Monroe Lake adds a crowning touch to an already popular recreational area. Nearby Bloomington offers all of the usual delights of a college town with plenty of nightlife, galleries, performance arts, museums and sporting events. The ice arena is a major draw during the winter months. Just northeast of Brown County State Park, the small town of Nashville was ranked number 6 on the Midwest Living Magazine list of the best small-town getaways. Home of a growing and thriving arts colony since 1907, Nashville is filled with craft shops, art galleries, theater performances, a dance barn and a Bluegrass Park. Nashville is worthy of a vacation weekend in itself as the area is reputed to contain over 350 shops.
This area of Indiana was originally home to the Miami and Delaware tribes of Native Americans, Purchased by the United States government as a part of Harrison's Purchase under the Treaty of Fort Wayne, the wooded hills provided large amounts of timber for building purposes. The area was officially opened to settlers in 1815, but it is likely a number of European trappers and hunters were already utilizing the area as the wooded hills and many creeks offered plentiful game and fur-bearing animals. Salt deposits in the area were mined commercially and shipped down the local Salt Creek, known for its high salt content.
This area is also famous for the beautiful Indiana Limestone which was quarried and shipped to Chicago, Louisville and even farther afield to build many of the historic buildings and courthouses in the Midwest. Soils in the area are relatively shallow, and farming became unproductive after a few years of intense tillage. Much land reverted to the government for unpaid taxes. The area is covered in second-growth forest and is part of the largest contiguous forest area in Indiana. The wooded covering provides excellent refuge for whitetail deer and small game. The deer were actually re-introduced as they had been depleted in the area due to earlier hunting. Eagles, turkeys, raptors and a variety of song birds are making amazing progress in repopulating the natural landscape.
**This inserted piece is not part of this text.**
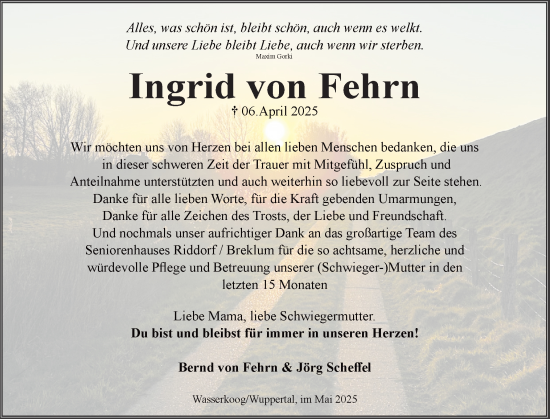 Traueranzeige von Ingrid von Fehrn von Husumer Nachrichten, Nordfriesland Tageblatt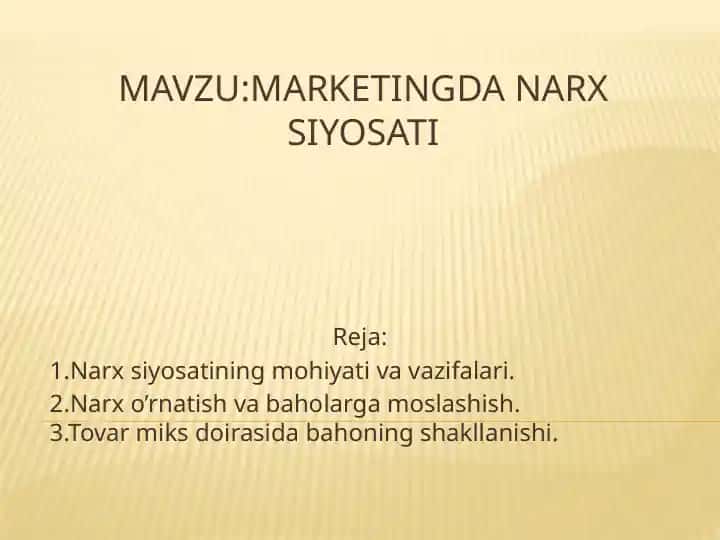 Marketingda Narxsiyosati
The Monroe Reservoir area is a highly desirable area for both vacationing visitors and year-round residents. Proximity to Bloomington and Indiana University assures lodgings are always available in the form of hotels, motels and private rentals. Although these do not overlook the lake itself, they are a few short miles away. Bed-and-breakfast facilities in the Nashville area are highly attractive to antique hunters, trekkers and hikers. The quiet country roads are ideal for cycling. The entire area is very popular for geocaching and orienteering with several organized groups in the Bloomington area. Vacation rentals and lodgings are therefore plentiful, but should be reserved well in advance around holidays and summer week-ends. Real estate is often available near the lake, although not on the lake itself. Monroe Lake will exceed all expectations as a fun-filled destination whether for a week or a lifetime. So, come and explore Monroe Lake-you'll be hooked, and so will those fish!